The cutting edge: crosscoders, transcoders, attribution graphs, model diffing.

Read: Crosscoders paper, Circuit Tracing paper
Do: Run circuit tracer on Gemma-2-2B
Do: Compare features across two different models
Explore: CLTs (cross-layer transcoders)
Deliverable: Attribution graph for an interesting behavior + analysis

Your Own Research

Ongoing

By now you have the tools and intuitions. Pick an open problem that fascinates you and start poking at it.
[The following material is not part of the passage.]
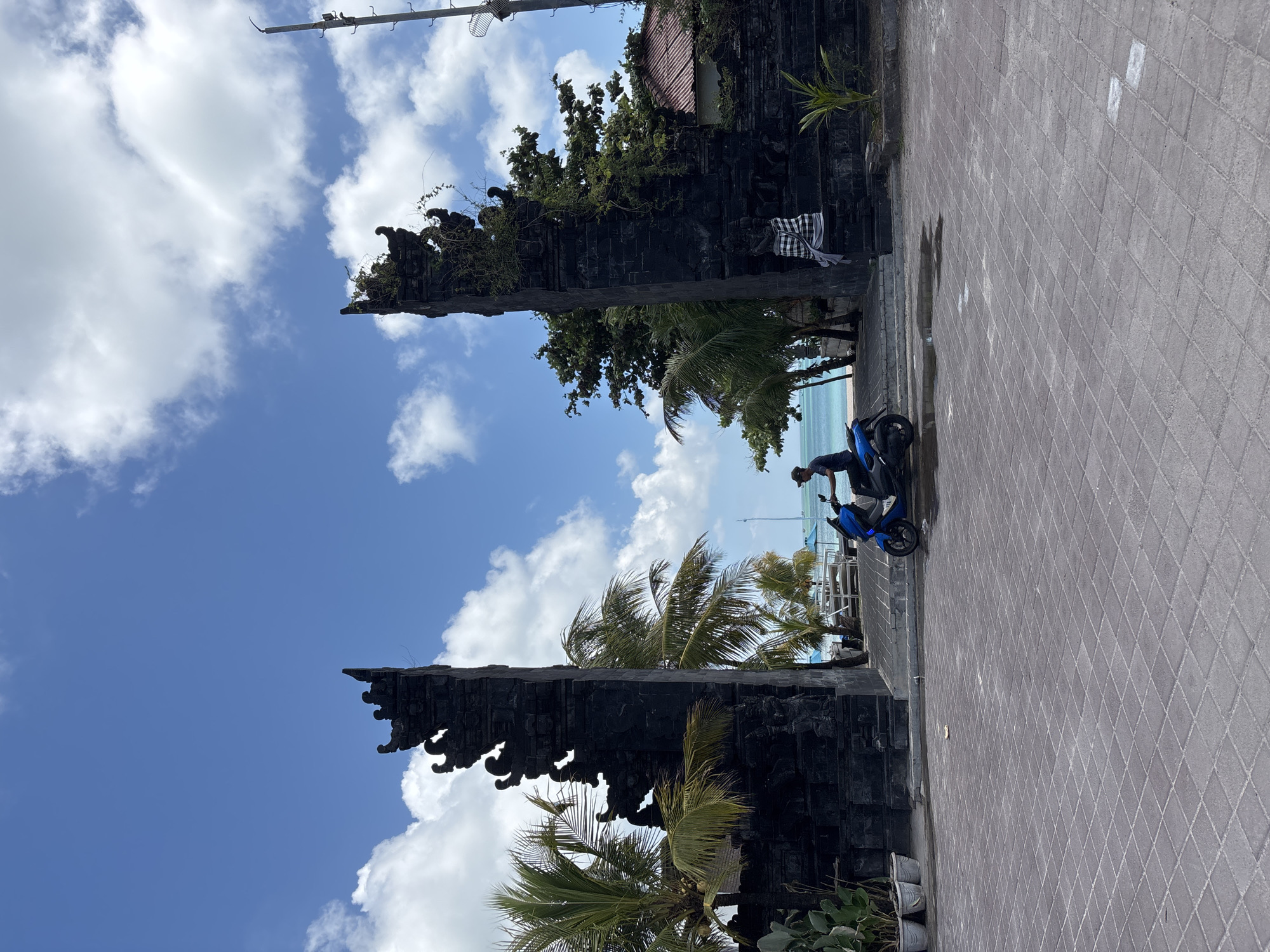 Captured in Kuta, Indonesia, the image shows a partially obscured blue sky with scattered clouds framed by two ornate, dark stone gate structures. Palm trees interspersed between the gates and the foreground add to the tropical atmosphere. A man is situated near a blue scooter parked on a paved walkway, which stretches into the frame with a diamond-shaped pattern. The environment suggests an outdoor setting, likely a public area near a beach or park, with the presence of both natural elements and human-made structures.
Review the Open Problems section — what pulls you?
Start with 1-week mini-projects (fast feedback)
Write up findings, even negative results
Consider: MATS application, Anthropic Fellows, or independent research
Remember: The bar for entry is low. There aren’t enough people doing this. Your engineering skills are a genuine advantage.

Why Your Background Is an Advantage

Mech interp is closer to reverse engineering than traditional ML research. You’re decompiling a binary, tracing execution paths, finding bugs. The mindset of a software engineer who debugs complex systems is exactly right. Many breakthrough results came from people who think like engineers, not just mathematicians. The field explicitly needs more people who can build robust tools, run systematic experiments, and write clean infrastructure. That’s you.